Controllers¶
Plugin controllers follow the same principles as core controllers with a few differences specific to the plugin system.
Note
Controllers require GLPI >= 11.0.
Creating a plugin controller¶
Requirements:
The controller file must be placed in the
src/Controller/folder of the plugin.The namespace must follow PSR-4:
GlpiPlugin\MyPlugin\Controller\.The controller must extend
Glpi\Controller\AbstractControlleror implement theGlpi\\DependencyInjection\\PublicServiceinterface.The controller must define a route using the
Routeattribute.The controller must return a
Symfony\\Component\\HttpFoundation\\Responseinstance.
Controllers placed in src/Controller/ are automatically discovered, no manual registration is needed.
Example for a plugin named myplugin:
# plugins/myplugin/src/Controller/HelloController.php
<?php
namespace GlpiPlugin\Myplugin\Controller;
use Glpi\Controller\AbstractController;
use Symfony\Component\HttpFoundation\JsonResponse;
use Symfony\Component\HttpFoundation\Request;
use Symfony\Component\HttpFoundation\Response;
use Symfony\Component\Routing\Attribute\Route;
final class HelloController extends AbstractController
{
#[Route("/Hello", name: "myplugin_hello", methods: "GET")]
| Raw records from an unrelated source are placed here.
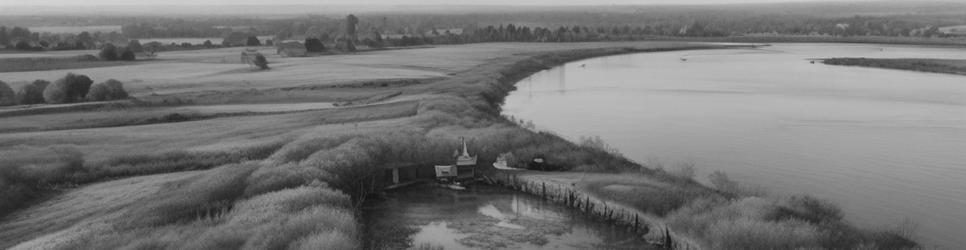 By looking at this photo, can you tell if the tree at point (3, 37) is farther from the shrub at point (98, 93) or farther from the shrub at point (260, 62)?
the shrub at point (98, 93)

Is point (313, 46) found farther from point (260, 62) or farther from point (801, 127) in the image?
point (801, 127)

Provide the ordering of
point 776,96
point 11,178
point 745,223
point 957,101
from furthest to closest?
point 776,96
point 957,101
point 11,178
point 745,223

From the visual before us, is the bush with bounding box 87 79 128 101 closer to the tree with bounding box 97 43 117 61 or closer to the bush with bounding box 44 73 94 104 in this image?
the bush with bounding box 44 73 94 104

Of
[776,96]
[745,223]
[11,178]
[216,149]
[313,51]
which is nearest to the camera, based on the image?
[745,223]

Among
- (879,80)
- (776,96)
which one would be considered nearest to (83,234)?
(776,96)

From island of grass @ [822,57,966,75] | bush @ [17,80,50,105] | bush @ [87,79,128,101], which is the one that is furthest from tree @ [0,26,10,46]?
island of grass @ [822,57,966,75]

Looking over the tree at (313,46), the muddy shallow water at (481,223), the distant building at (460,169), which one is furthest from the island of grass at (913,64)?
the muddy shallow water at (481,223)

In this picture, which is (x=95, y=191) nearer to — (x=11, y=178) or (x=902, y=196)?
(x=11, y=178)

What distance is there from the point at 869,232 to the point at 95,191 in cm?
2059

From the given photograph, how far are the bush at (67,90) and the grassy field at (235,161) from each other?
3331 millimetres

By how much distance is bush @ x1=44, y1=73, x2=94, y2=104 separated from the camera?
53.3 m

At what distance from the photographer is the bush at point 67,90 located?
175 feet

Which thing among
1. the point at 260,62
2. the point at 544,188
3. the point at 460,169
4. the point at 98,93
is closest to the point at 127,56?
the point at 260,62

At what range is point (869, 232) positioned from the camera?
2042 cm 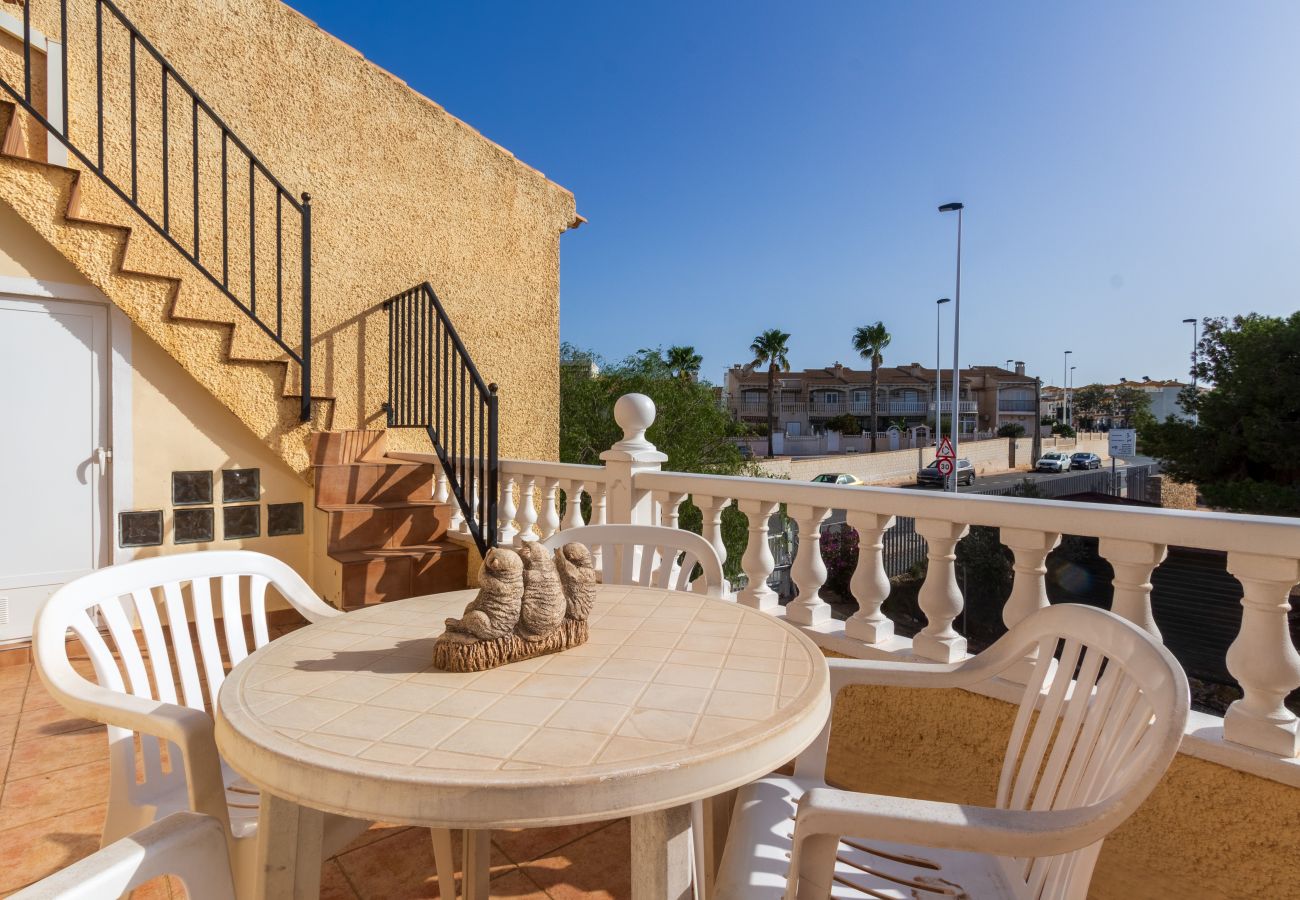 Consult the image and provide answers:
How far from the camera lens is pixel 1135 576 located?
1.44 meters

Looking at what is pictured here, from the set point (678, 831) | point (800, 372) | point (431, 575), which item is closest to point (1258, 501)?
point (431, 575)

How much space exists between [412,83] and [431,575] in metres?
3.91

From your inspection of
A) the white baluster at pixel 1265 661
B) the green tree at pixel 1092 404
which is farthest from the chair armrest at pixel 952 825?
the green tree at pixel 1092 404

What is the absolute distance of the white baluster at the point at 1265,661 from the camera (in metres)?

public function __invoke(Request $request): Response
{
return new JsonResponse(['message' => 'Hello from myplugin!']);
}
}
URL routing¶
Plugin routes are automatically prefixed with the plugin base path. A route defined as /Hello in the myplugin plugin will be accessible at:
/plugins/myplugin/Hello(standard plugins directory)
You do not need to include the plugin prefix in the Route attribute.
Rendering Twig templates¶
To render a Twig template from a plugin controller, use the @plugin_key prefix:
<?php
return $this->render('@myplugin/path/to/template.html.twig', [
'my_variable' => $value,
]);
This will resolve to plugins/myplugin/templates/path/to/template.html.twig.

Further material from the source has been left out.